When Jesus told Peter to lay down his sword, he instructed us all to reject violence and unnecessary conflict. This is not restricted to my refraining from physically attacking you for differing beliefs; it must, by extension, affect our words and attitudes toward those outside the body. If I unthinkingly hurt you with my words, then I am every bit as guilty of attacking you as if I had truly taken sword against you.

Ephesians 6:17 and Hebrews 4:12 both compare God’s word to a sword. It pierces hearts and minds; it divides between right and wrong. It discerns the thoughts and intentions of the heart. But there’s a danger in wielding a sword carelessly or rashly. I recently saw this approach come out in a lesson I was listening to about Catholic doctrine. Setting aside the fact that the preacher was teaching factual inaccuracies, his tone and word choice would have likely driven away anyone who identifies as a Catholic.

He said things like:

  • “They claim to respect the Bible, if you can call what they do respect.”
  • “How can anyone think this is pleasing to God?”
  • “The priests get up and do their mumbo-jumbo.”
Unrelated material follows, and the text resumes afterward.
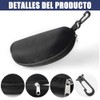 El accesorio indispensable de LANRUTU: Estuche individual de Estuche Rígido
I almost interrupted the lesson (and I kind of wish I had). It was unnecessarily harsh and disrespectful to others’ long-held beliefs. Sure, he might have been preaching Biblical truths, but he was doing so in a way to ensure he alienated anyone who didn’t already agree with him. I’ve been guilty of the same in the past, but it’s no more than another form of self-sacrifice to show grace in our speech toward or about those with whom we may disagree.

The place where this seems to be the biggest challenge is online. When we get behind our keyboards, our natural filters disengage, and we write things in posts and comments we would likely never say in person. I’ve even seen it in church families — brothers and sisters who are perfectly pleasant to each other’s faces but who have written extremely thoughtless and mean-spirited things to each other online.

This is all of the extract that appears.